# HI - IN WITH A BANG.



## D6RNM (Jul 29, 2008)

Hello guys, recently purchased an AUDI TT 1.8 180BHP on Saturday.

I love the car, it drove and performed very well. Untill.......... the Sunday.

The car just would not start, I called RAC out to be told that the top half of the engine is finished. Gutted was the word I was looking for. It's all my fault tho, when buying the car, I was too overwhelmed on the fact that I was 19, and buying my first sports car.

The timing belt has snaped, the car has done 82000 miles. I now know, the reccomendation is 60000 miles.

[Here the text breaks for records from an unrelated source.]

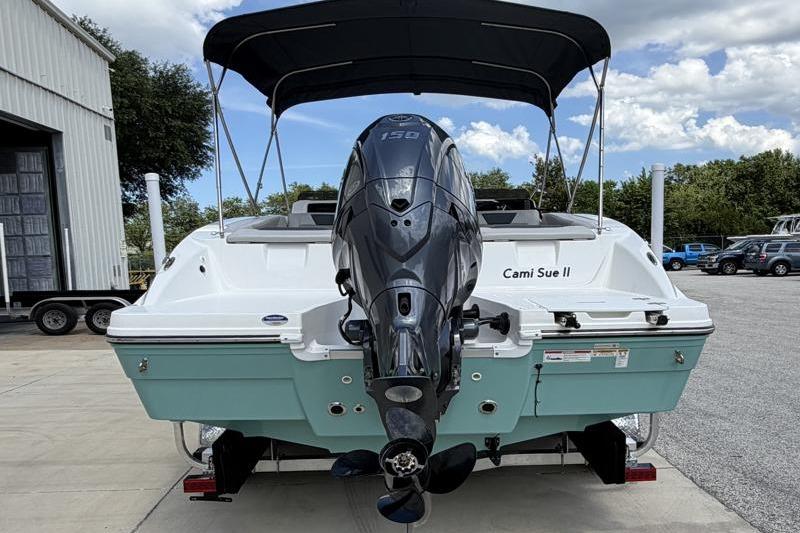 2026 Hurricane SunDeck Sport 2050 OB boat with outboard motor, parked outdoors.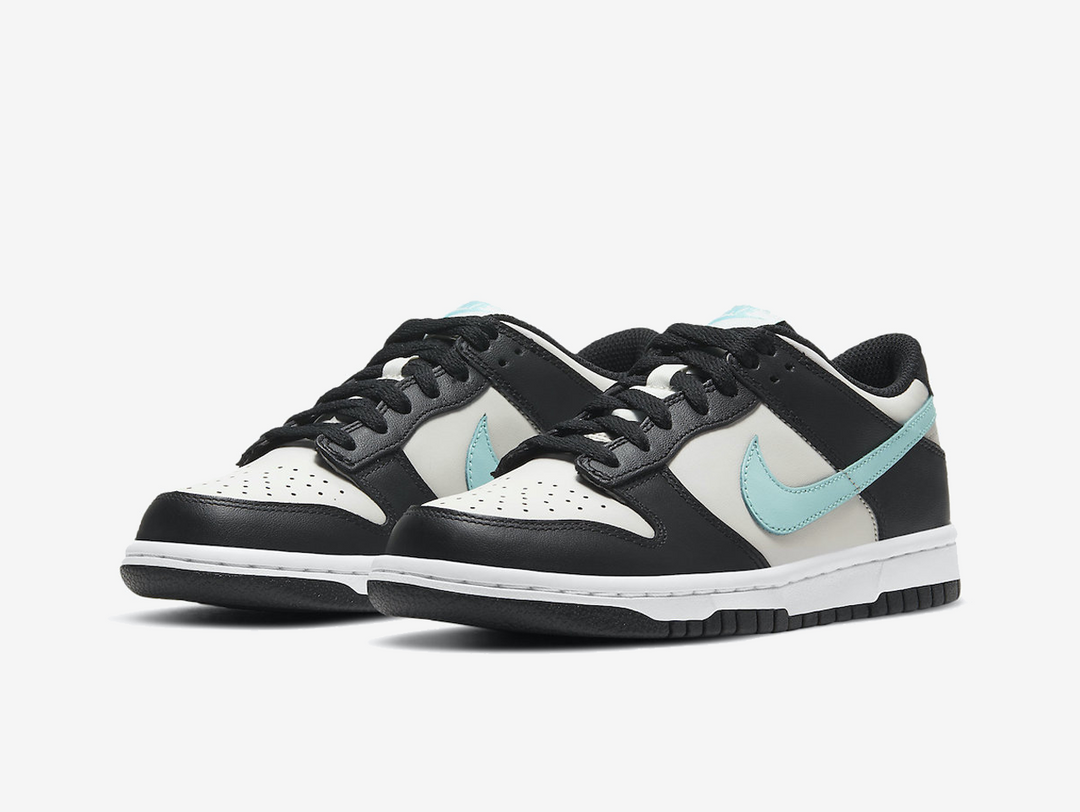 Classic Nike Dunk shoes with a grey and black colourway.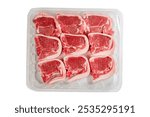 Nine fresh lamb loin chops on a plastic tray. High quality meat product on the bone cut by butcher in perfect size for cooking. Food supply chain and agriculture industry. White background.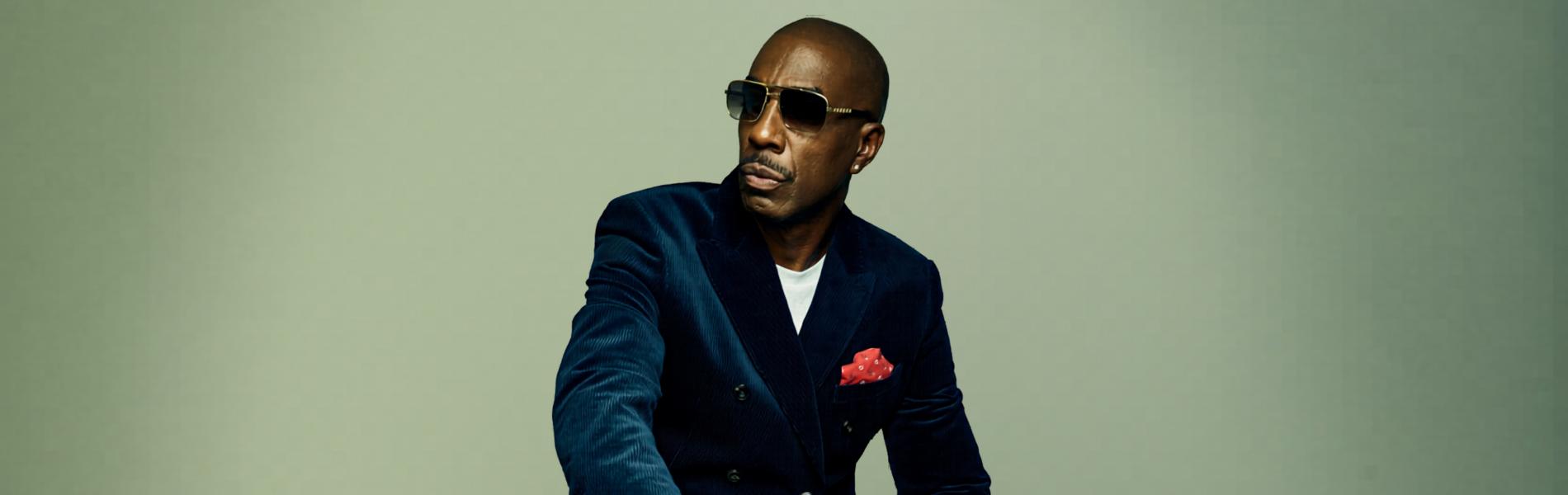 JB Smoove sits, suited.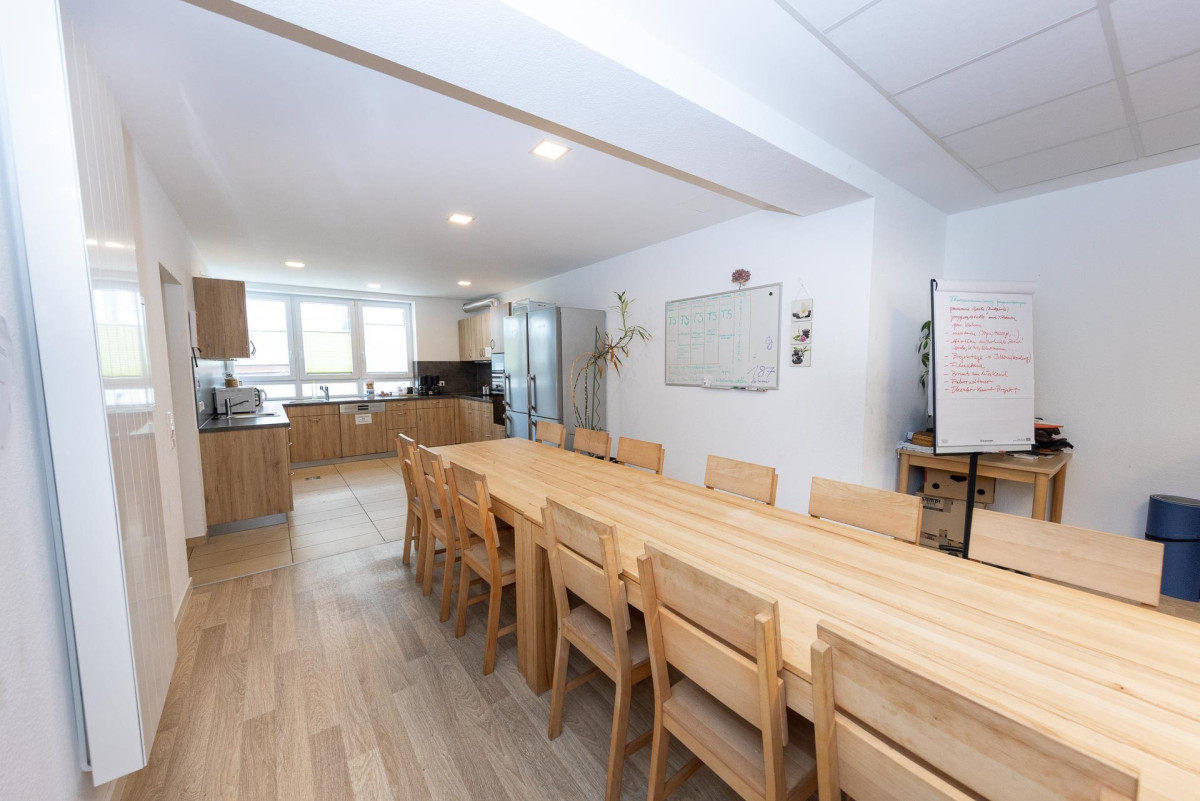 Helles Wohnzimmer mit Holztisch und St&uuml;hlen.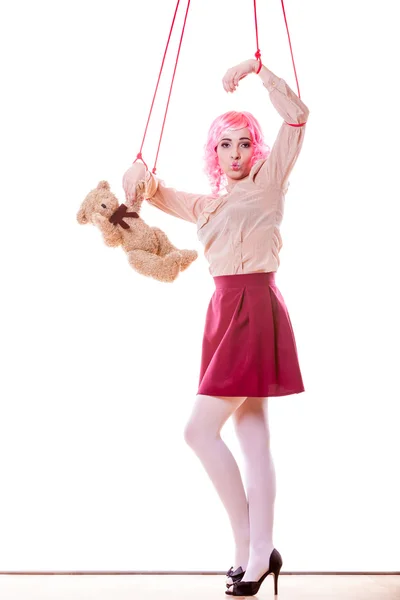 Woman girl stylized like marionette puppet on string — Stock Photo, Image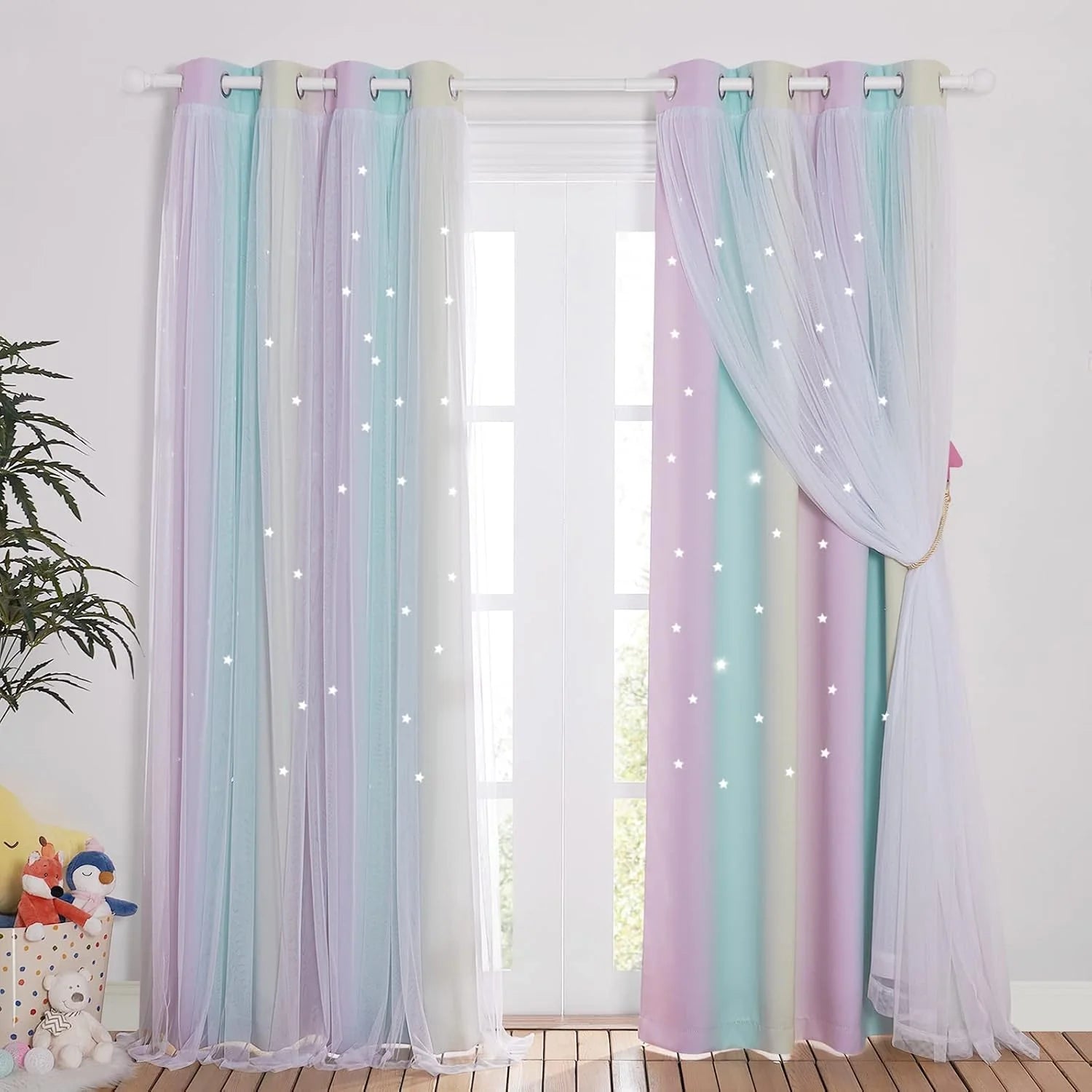 Pastel rainbow curtains with sheer star overlay hanging in a bright kids bedroom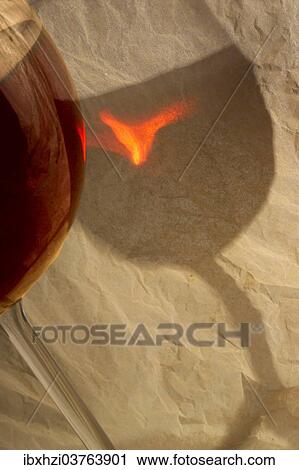 Red wine glass with reflection on tissue paper View Large Photo Image Stock Image - Red wine glass with reflection on tissue paper. Fotosearch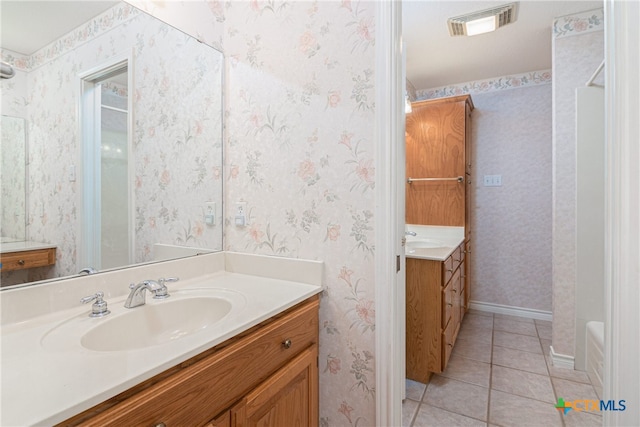 bathroom featuring a bath, vanity, and tile patterned floors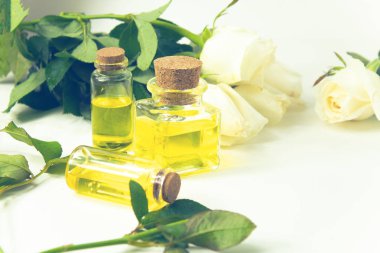 arka planda gül beyaz çiçek ve yeşil yaprak ile kozmetik için parfüm yağı özü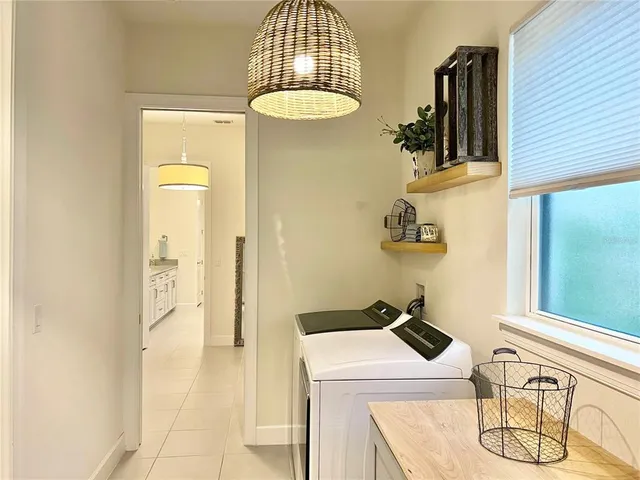 a bathroom with a sink a mirror and shower
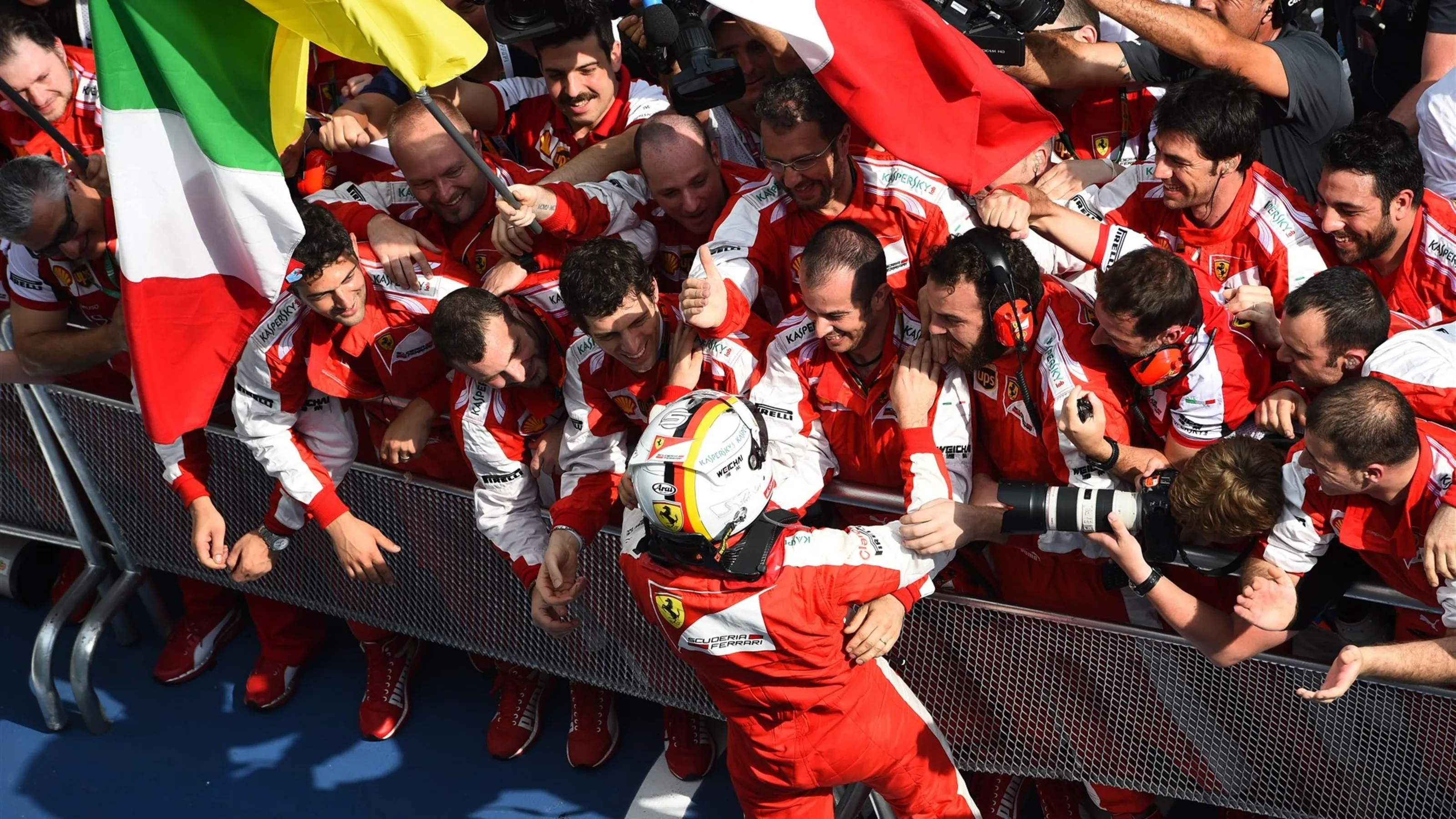 Sebastian Vettel (GER) Ferrari celebrates victory in Parc Ferme at Formula One World Championship,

Anyway, nice to meet you guys! 
Car comes out garage on Sat with a nice £1200 bill.


----------



## Hoggy (May 8, 2002)

Hi D6RNM, Sorry to hear this, you must be devaststed. 82K miles but what year is she?.
H.


----------



## D6RNM (Jul 29, 2008)

2000 my friend.

Id only just bought it private, with 14days left on MOT.

Im stupid mate!


----------



## denTTed (Feb 21, 2007)

Ahh well, you live and learn. Was it a private or trade purchase? If it was trade you stand a chance under hte sale of goods act, private you may be able to take them to court, thats a bit riskier though


----------



## Harv3y (Jun 2, 2008)

mate i wouldent worry about it. it happens and just pure bad luck, i baught my TT and 1 month l8r i was giving out 2k to get it fixed.

Now its perfect 

I got pissed off and was going to sell it, but as soon as i drove it when i got it back, i knew it was not going anywhere :wink:


----------